▶ _Directions_
The expected output is the set of lines below beginning at the one that contains "Christmas Love Nurselife" and ending at the final line, reproduced exactly.

▬▬▬▬▬▬

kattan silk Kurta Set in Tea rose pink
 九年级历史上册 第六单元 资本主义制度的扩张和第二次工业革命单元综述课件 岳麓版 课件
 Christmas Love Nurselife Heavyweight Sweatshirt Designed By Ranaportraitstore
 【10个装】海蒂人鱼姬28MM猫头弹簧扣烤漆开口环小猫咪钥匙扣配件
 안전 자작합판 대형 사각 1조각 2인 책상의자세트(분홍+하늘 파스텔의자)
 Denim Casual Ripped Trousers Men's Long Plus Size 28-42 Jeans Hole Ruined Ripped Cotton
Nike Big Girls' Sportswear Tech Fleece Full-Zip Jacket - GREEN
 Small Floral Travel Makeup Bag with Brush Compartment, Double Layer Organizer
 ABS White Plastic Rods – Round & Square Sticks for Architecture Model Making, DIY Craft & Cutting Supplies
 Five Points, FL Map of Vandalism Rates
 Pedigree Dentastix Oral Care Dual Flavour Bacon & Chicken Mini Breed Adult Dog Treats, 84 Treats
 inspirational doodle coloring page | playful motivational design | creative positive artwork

▬▬▬▬▬▬

▶ _The answer_
 Christmas Love Nurselife Heavyweight Sweatshirt Designed By Ranaportraitstore
 【10个装】海蒂人鱼姬28MM猫头弹簧扣烤漆开口环小猫咪钥匙扣配件
 안전 자작합판 대형 사각 1조각 2인 책상의자세트(분홍+하늘 파스텔의자)
 Denim Casual Ripped Trousers Men's Long Plus Size 28-42 Jeans Hole Ruined Ripped Cotton
Nike Big Girls' Sportswear Tech Fleece Full-Zip Jacket - GREEN
 Small Floral Travel Makeup Bag with Brush Compartment, Double Layer Organizer
 ABS White Plastic Rods – Round & Square Sticks for Architecture Model Making, DIY Craft & Cutting Supplies
 Five Points, FL Map of Vandalism Rates
 Pedigree Dentastix Oral Care Dual Flavour Bacon & Chicken Mini Breed Adult Dog Treats, 84 Treats
 inspirational doodle coloring page | playful motivational design | creative positive artwork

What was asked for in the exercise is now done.